** Exercise goal **
All the lines below should be set down exactly, with no picture carried into the copy.

** Recorded data **
————————

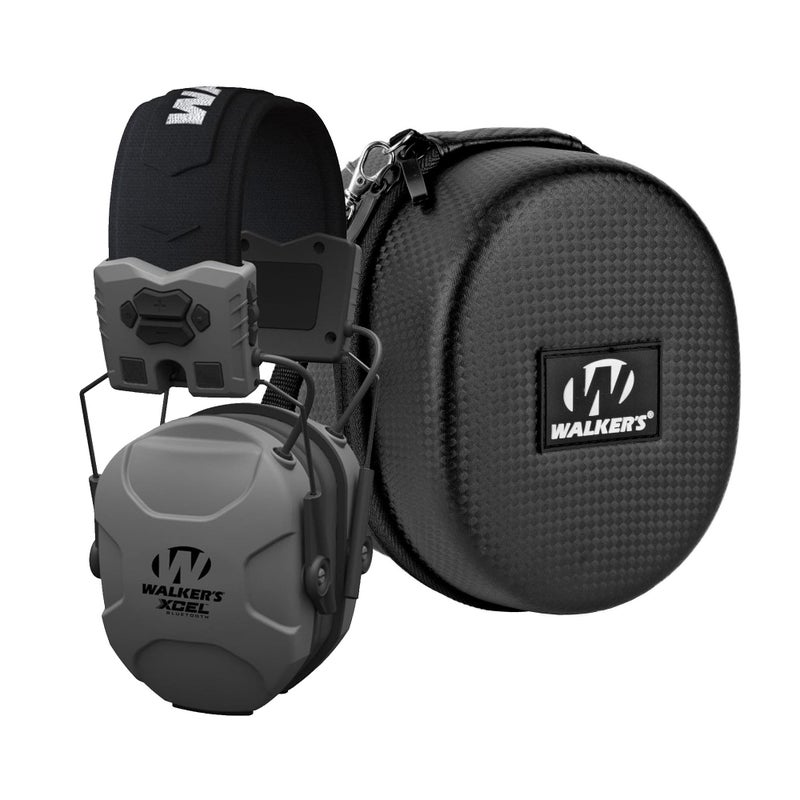 Walker's XCEL 500BT Digital Electronic Ear Protection Muff and Protective Case -Ear muffs provide hearing protection, voice clarity & Bluetooth for work and range use - 4 Listening Modes (2 Items) - Image 1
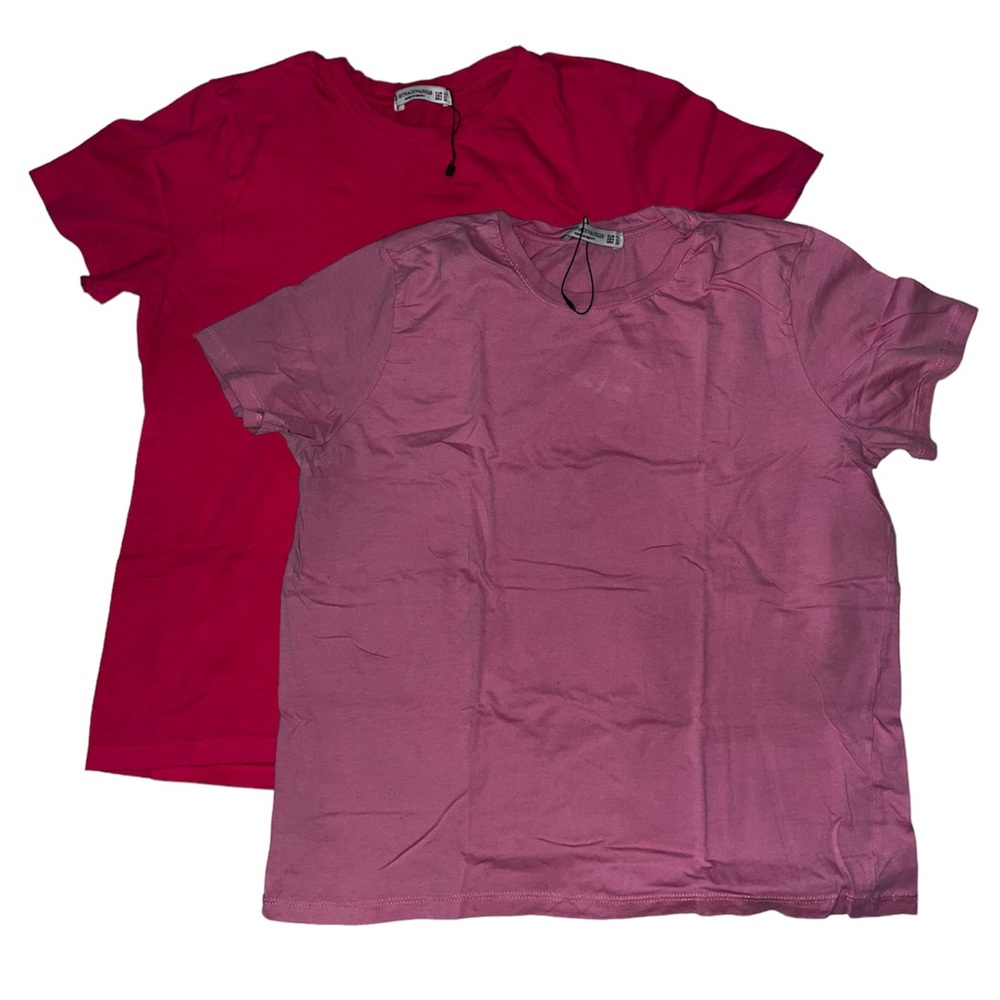 Stradivarius Round Neck Plain Shirt - Bundle of 2 - XL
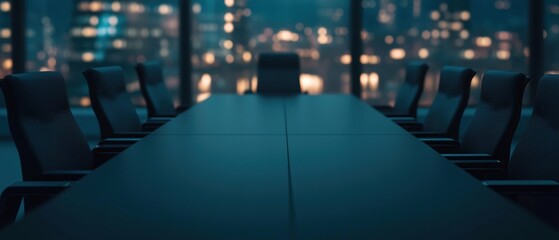 Obraz premium Modern business conference room at night with illuminated city skyline in the background, featuring an empty long table and ergonomic black chairs for professional meetings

————————

** Task response **
 Walker's XCEL 500BT Digital Electronic Ear Protection Muff and Protective Case -Ear muffs provide hearing protection, voice clarity & Bluetooth for work and range use - 4 Listening Modes (2 Items) - Image 1
 Stradivarius Round Neck Plain Shirt - Bundle of 2 - XL
 Obraz premium Modern business conference room at night with illuminated city skyline in the background, featuring an empty long table and ergonomic black chairs for professional meetings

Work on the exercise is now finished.